The first month of same-day ACH appears to have come in like a lion and gone out like a lamb.
Despite grumbling about fees and fraud concerns leading up to the Sept. 23 addition of two new same-day settlement windows for credits on the ACH network, the change has largely gone as expected, according to NACHA – The Electronic Payments Association. The ACH network is the backbone of the electronic payments system, and in the second quarter of 2016 it handled 5.05 billion transactions worth $10.9 trillion – a year-over-year increase of 5.6%, according to NACHA.
“It was a smooth implementation. The industry did a lot of work getting ready; there was a ton of education and communication available,” NACHA Senior Managing Director Michael Herd told CU Times. “The processor community also got really involved in working with their customers. From our perspective, the implementation, the go-live date, went extremely well.”
“We didn’t have any kind of panic calls or S.O.S. calls or anything along those lines,” he added.
California Credit Union League President/CEO Diana Dykstra, whose organization serves about 5% of the country’s credit unions, also said the transition has been smooth so far.
“All partners and leagues have been very proactive in giving credit unions the information that they need to comply with the new rule, and looks as if our early and often outreach has paid off,” she said.
There are still concerns, however.
Among other things, the change requires all receiving depository financial institutions to accept same-day transactions and requires originating depository financial institutions to pay a $0.052 fee per transaction. That fee has drawn considerable criticism from some in the industry who said RDFIs will likely never recover from the costs of implementing same-day ACH.
“Only time will tell what the impact of the fees will be – volume will definitely drive up costs, and today we just are not certain how the volume will change and its impact on credit unions,” Dykstra said.
Deborah Peace, CEO of fraud technology firm ACH Alert, said some financial institutions are still adjusting to the operational changes as well.
“A lot of institutions have had a daily cut-off time for batching up all the transactions and sending those out. Getting their heads around doing the multiple batches at different times of the day, coordinating that with vendors – it’s all doable, it just requires resources,” she explained. “I think that they’ve done a very good job of planning, they know what the issues are, it’s just executing. I think that’s just going to take a little time.”
Fraud also continues to be a concern. Peace, for example, said the biggest risk with same-day ACH credits is that financial institutions must analyze transactions quickly to make sure they’re valid before they go out the door. In a letter last month, the NCUA also warned credit unions they may need to reorganize their efforts.

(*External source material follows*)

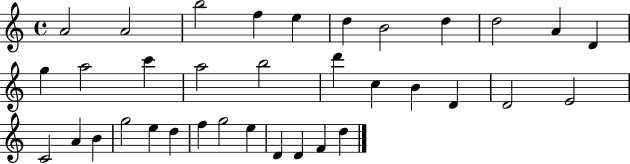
A4/h A4/h B5/h F5/q E5/q D5/q B4/h D5/q D5/h A4/q D4/q G5/q A5/h C6/q A5/h B5/h D6/q C5/q B4/q D4/q D4/h E4/h C4/h A4/q B4/q G5/h E5/q D5/q F5/q G5/h E5/q D4/q D4/q F4/q D5/q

“Credit unions should be aware that moving funds from account to account more quickly will require more timely and efficient cash forecasting in order to meet liquidity needs. Effective implementation of same-day ACH will require credit unions to manage intraday liquidity more closely. Same-day ACH processing also has the potential to increase fraud risk due to the accelerated timeframe for transactions, giving ODFIs less time to perform back-end risk management functions,” the letter said.
Nonetheless, Herd said he expects a jump in same-day ACH traffic through the first half of 2017, much of which could be increases in the number of payroll files, government benefit payments, employment-related reimbursements and other transactions. In addition, last month’s shift is not the last for same-day ACH. Phase two adds ACH debits starting Sept. 15, 2017; phase three, which begins March 16, 2018, will require financial institutions to make funds from same-day ACH credits available to customers and members by 5 p.m. local time.
NACHA expects to release its first set of volume metrics for same-day ACH around the middle of November.